From the MegaCollector's collection, a rough by the master animator Fred Moore (1911-1952). If you need to know the movie this came from you're probably reading the wrong blog (hint: © Walt Disney Productions).
(Interesting point, at least to me: The bulk of this picture's production came in 1937, the year of its release. Later Disney features were produced -- by that I mean animated, inked, and put into color -- over a longer time span, but this first one got made fast since the Mouse House was under the financial gun to get it finished and out.
Interestingly, most of Bolt, Disney's latest, was produced in nine to ten months -- Hulett)
3 comments:
I think animated movies actually benefit by having some heat applied to their "rear end."
It helps you to focus. And, poor stories suffer from a lack of focus.
ABSOLUTELY!!! The worst thing for an animated feature is sitting in production for years on end. total death to a picture.
I agree. A lack of dawdle time prevents nit-picking and pie-fingered input from the armada of supervisors, overseers, budget-crunchers, perfectionists and Uncle Walt wannabees desperately hanging onto the "final approval" card when they weren't dealt a full deck to begin with.

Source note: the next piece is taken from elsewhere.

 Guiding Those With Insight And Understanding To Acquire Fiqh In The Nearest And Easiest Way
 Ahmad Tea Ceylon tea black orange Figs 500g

Focus tends to cultivate spontaneity and vitality which always plays better than over-worked, perfect, slick and boring. I'll take the perfectly delightful and charmingly imperfect Snow White over a slick, incessant and flawlessly rendered CG floater any day. Most artists I know do their best work when there's no time to do it perfect, no time to make the lines pretty and no time to do it over.
I think applying heat to some rear ends is not the motivation or the solution. The heat is usually turned up after the "approvers" have squandered all the time originally set aside for creativity and execution. It's not the fault of the artists. But it's always the artist's asses that get torched.